Our intuition is based on survival--we don't see things as they are, we see them the way that most likely allows our survival. Intuition is powerful, it's real, but it does not have a cozy relationship with reality.
The natural world gives no credence for our humanness, no more than it gives a squirrel for its squirreliness. We live, we sometimes reproduce, we die.
Last night, just past midnight, woken up by the howling northwest breeze that announced winter's arrival, I remembered that I had left a tub of pond water out back. (Every year I drag in about 8 gallons of pond water, ostensibly to save elodea for next spring, but more because dancing daphnoa help get me through late winter.)
I pulled on a sweatshirt, didn't bother with shoes, and dragged my bucket full of elodea and daphnia and countless other organisms, down into the basement. I could pretend that imagining the slow freezing of thousands of creatures that bring me joy each time I peek at a drop of water under my microscope had nothing to do with it.
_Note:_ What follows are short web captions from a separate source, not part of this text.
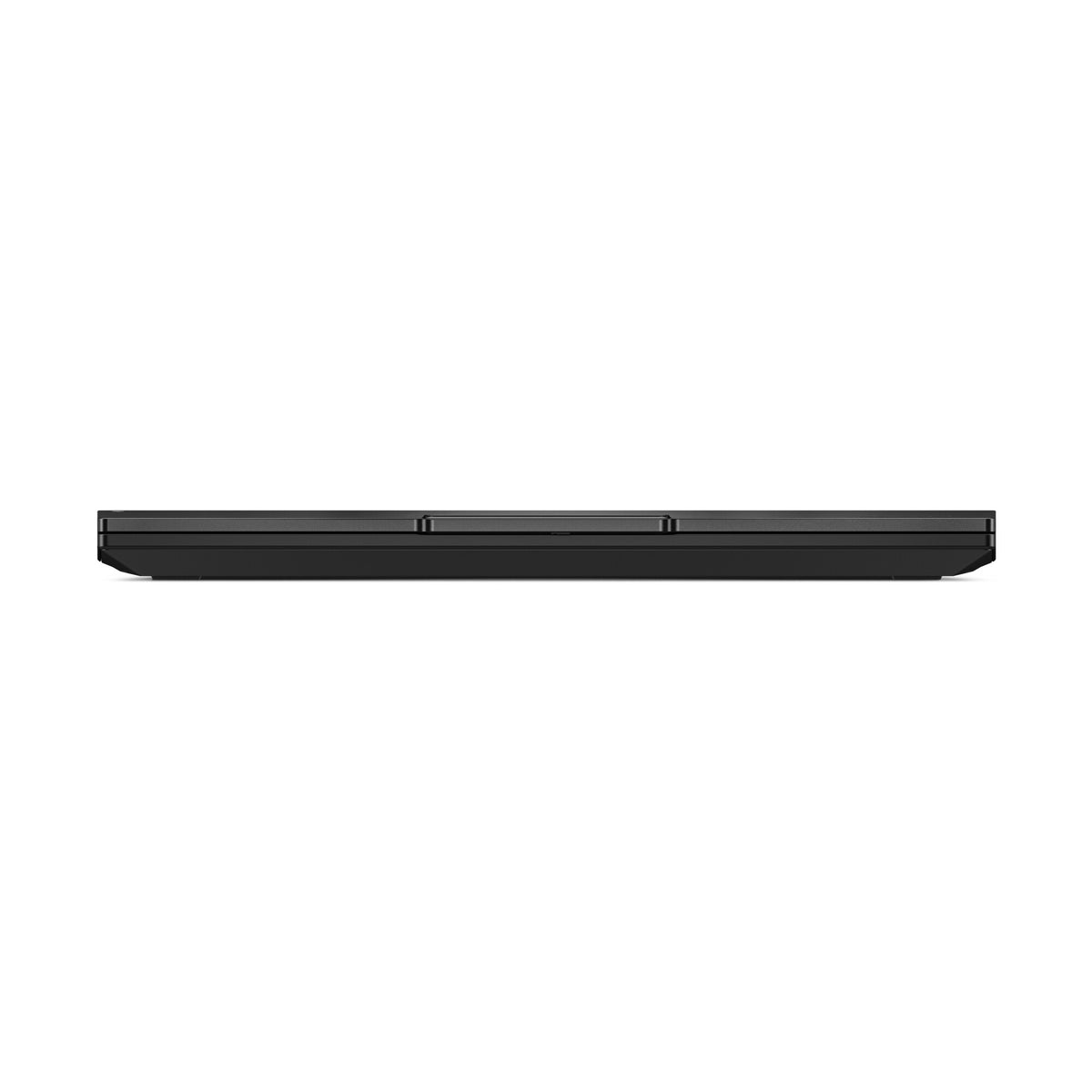 Lenovo ThinkPad T16 Gen 5 (AMD) AMD Ryzen™ 5 PRO 215 Mobil arbetsstation 40,6 cm (16") WUXGA 16 GB DDR5-SDRAM 512 GB SSD Wi-Fi 7 (802.11be) Windows 11 Pro Nordic Svart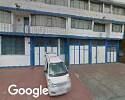 Foto exterior de Montitécnicos Ltda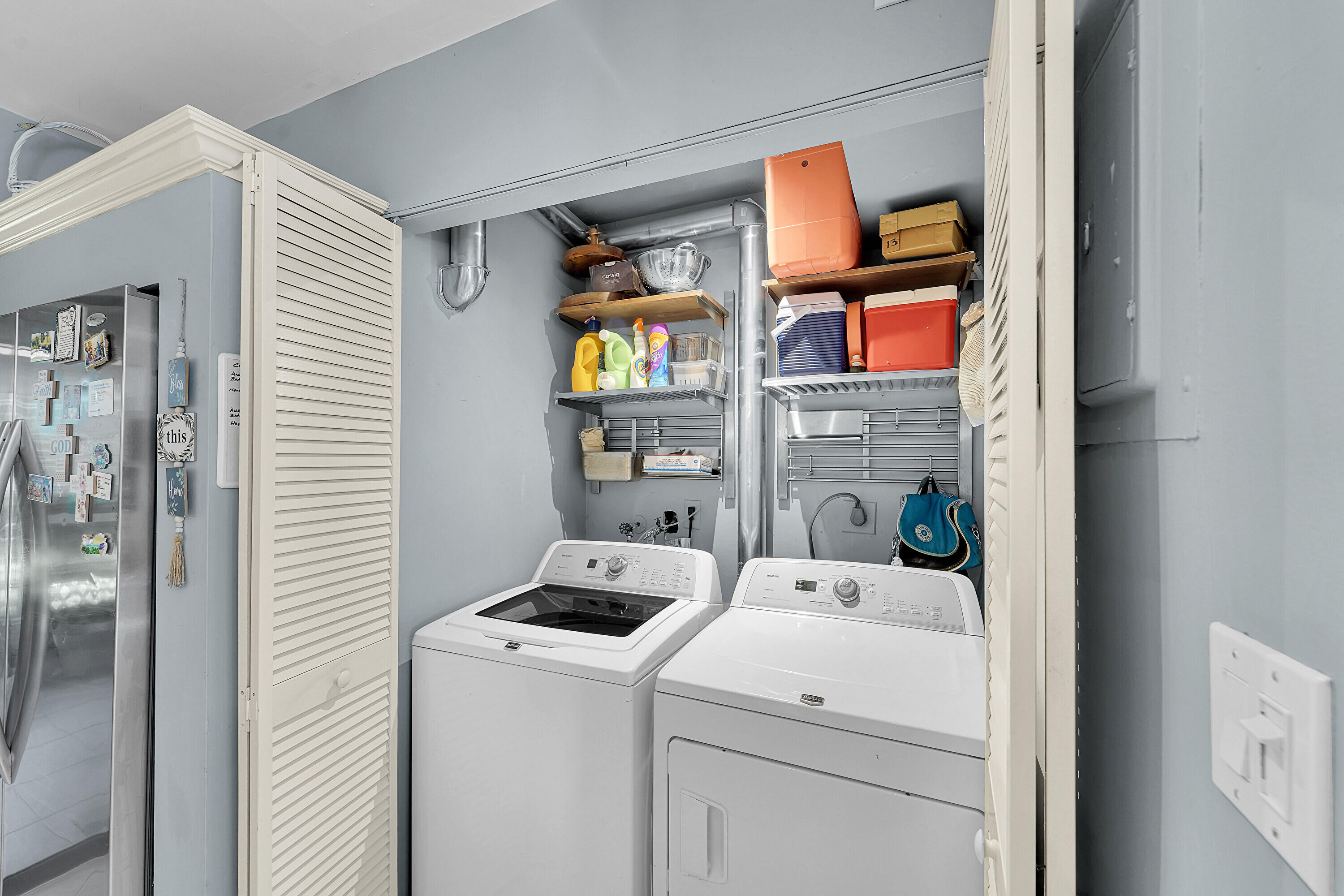 WIMBLEDON AT JACARANDA CONDO - Residential Lease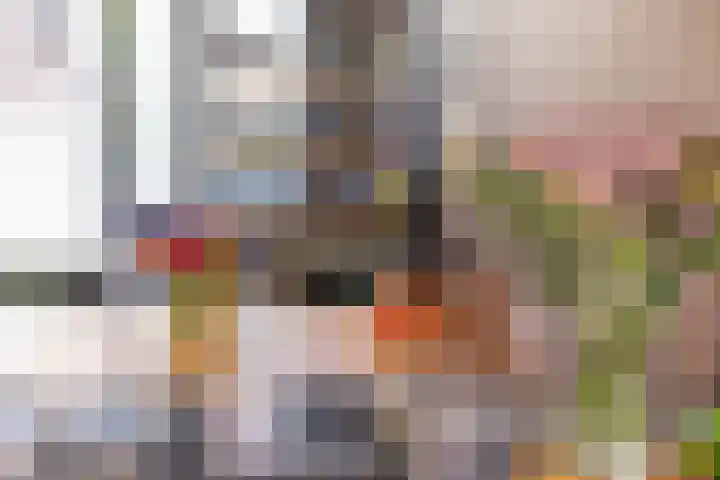 Logger 154 Amstelveen thumbnail 7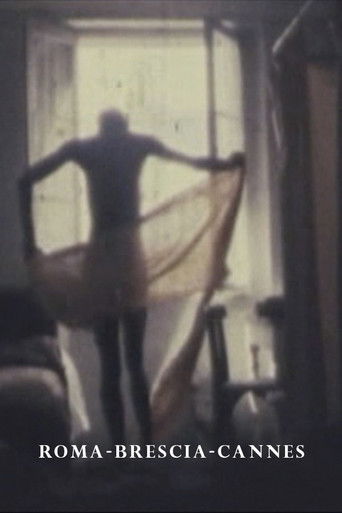 Një Satani Amerikan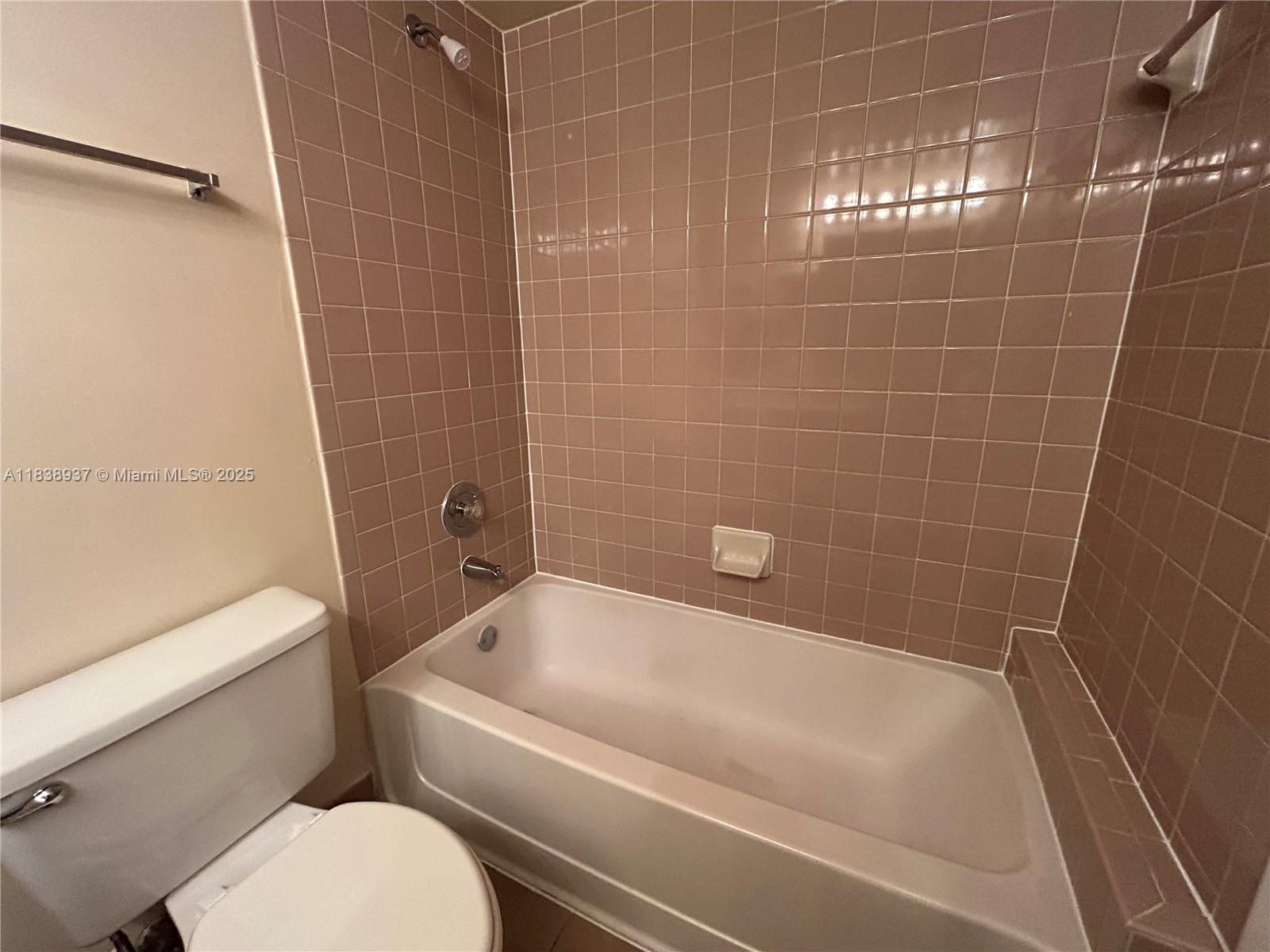 Property photo # 7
The race of sharply outlined clouds against the unexpectedly bright half moon hanging up in the east. There are times I become, briefly, comfortably feral.
The pond is freezing over now, and winter is settling in. I got kids to teach, but before I teach them how they relate to the world, I need to teach them that they are of this world. Of this clay. Of this light. Of this whatever it is that started nearly 14 billion years ago.
We're losing our sense of what matters.